Performance and evaluation of different models

The merged model demonstrated the highest predictive performance of the models analyzed, with sensitivity, specificity and average AUC values of 0.71, 0.72 and 0.82, respectively. The AUC values of the MRI, CT, clinical and clinical-merged models were 0.68, 0.80, 0.62 and 0.75, respectively. The predictive performance of all models were summarized in Table III and Fig. 5. McNemar's test indicated that the radiomics models were significantly different from the clinical model (P=0.01), except for the MRI model (P=0.80). Additionally, according to the Delong test results (z-score=0.52; P=0.60), no significant differences were found between the merged model and the CT model. In terms of clinical utility, the DCA demonstrated that the clinical-merged model had a higher net benefit compared with the other four models. The calibrated probabilities served as inputs to estimate net benefits across varying threshold probabilities. When the threshold probability is <0.38 and >0.93, the use of a radiomics nomogram may offer a higher net benefit compared with the other four models (Fig. 6). To generate quantitative, individualized predictions incorporating key patient characteristics (e.g., EVMI and MR_N status) predictive nomograms were developed (Fig. 7).

Table III.

AUCs for all models.

Table III.

AUCs for all models.

ModelAUCSpecificity, %Sensitivity, %
CT0.807571
MRI0.685764
Clinical0.624668
Merged0.827172
Clinical-merged0.756278

[i] AUC, area under the curve; merged, the fusion radiomics signature based on features from CT and MRI; clinical-merged, the combined model incorporating clinical and radiological variables together.

Discussion

Metastases serve a notable role in the mortality of patients with cancer (20). A substantial proportion of patients with CRC present with metastases that are solely or predominantly localized to the liver at the time of diagnosis. Liver metastases that are undetected during initial diagnosis but emerge subsequently in the course of the disease are referred to as MLM (21). In the present study, 67 patients developed liver metastases within 2 years of treatment, with an incidence rate of ~42%, which was higher compared with previous findings reported in the literature (9,22,23). CT is a non-invasive and reliable method of liver assessment and is considered one of the standard imaging modalities for the preoperative detection of liver metastases and postoperative monitoring of patients with CRC (22,23). However, by the time metastases are detected through imaging, it may be too late to effectively intervene. A previous study reported that prophylactic local adjuvant treatment of the liver parenchyma in patients at risk of MLM can effectively reduce the incidence of liver metastases after treatment (24). Therefore, it is important to predict MLM before it manifests. The present study hypothesized that a change in the liver microenvironment may occur before the appearance of imaging manifestations. These changes cannot be detected through conventional examinations; however, the present study aimed to visualize and analyze the changes in the liver microenvironment through radiomics. In patients diagnosed with CRC, physicians assess systemic metastases, including the liver, to determine the appropriate diagnosis and treatment (25). Therefore, the present study aimed to develop a multimodal model using both CT and MRI to capture a comprehensive view of CRC.

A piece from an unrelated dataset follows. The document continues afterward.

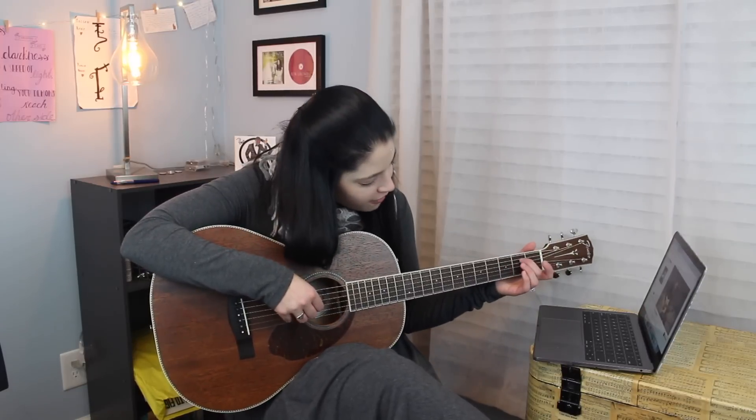Let's see what our final thing is — 'Say something, I'm giving up on you.' Alright, well thank you for going through this first lesson with me. Excited to see what I'm going to learn other than the riff for 'Say Something.' I have big plans, big dreams. It's going to be great. I will see you next time. Bye!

In the present study, a total of 11 features were selected to build the radiomics model, which included nine texture-related features (for example, wavelet) and two first-order intensity features. Texture-related features reflect intratumoral heterogeneity, while first-order intensity features extracted through pixel-level analysis enable the quantification of intrinsic image characteristics (8). Wavelet transform extracts multi-frequency and multi-scale image information, which enhances subtle contrast differences between lesions and normal tissues. Wavelet transform is particularly suitable for capturing complex clinical features in tumor images that are difficult to describe with simple visual characteristics, which indicates that images from patients with CRC contain information that is difficult to discern with the naked eye (26). These features provide quantifiable information regarding texture patterns and tissue distribution within the tumor, which may not be easily visually discernible. Among these features, gray level non-uniformity normalized was the best predictor, which measured the similarity of gray-level intensity values in the image. Higher gray level non-uniformity values have been associated with lower similarity, which represent tumor heterogeneity (27). Apart from gray level non-uniformity, small area low gray level emphasis and GLSZM_zoneentropy were also illustrated in the present nomogram. Small area low gray level emphasis has been potentially associated with pathological characteristics such as tumor necrosis and fibrosis (28). Small area low gray level emphasis quantifies the prevalence of small, low-intensity regions within the lesion, which may correspond to necrotic areas or fibrotic tissue deposition. GLSZM_zoneentropy reflects tumor heterogeneity, which serves as a marker of intratumoral complexity. Higher values of GLSZM_zoneentropy indicate greater variability in the size and distribution of homogeneous gray-level zones, which suggest diverse tissue subtype (29). The present study combined traditional observation, radiomics and machine learning to extract multidimensional imaging features of lesions for predictive modeling. These features, whether easily interpretable or not, capture the diversity within tumor regions and reflect the biological variability of CRC. This provides a crucial foundation for building a predictive model of MLM in patients with CRC (30).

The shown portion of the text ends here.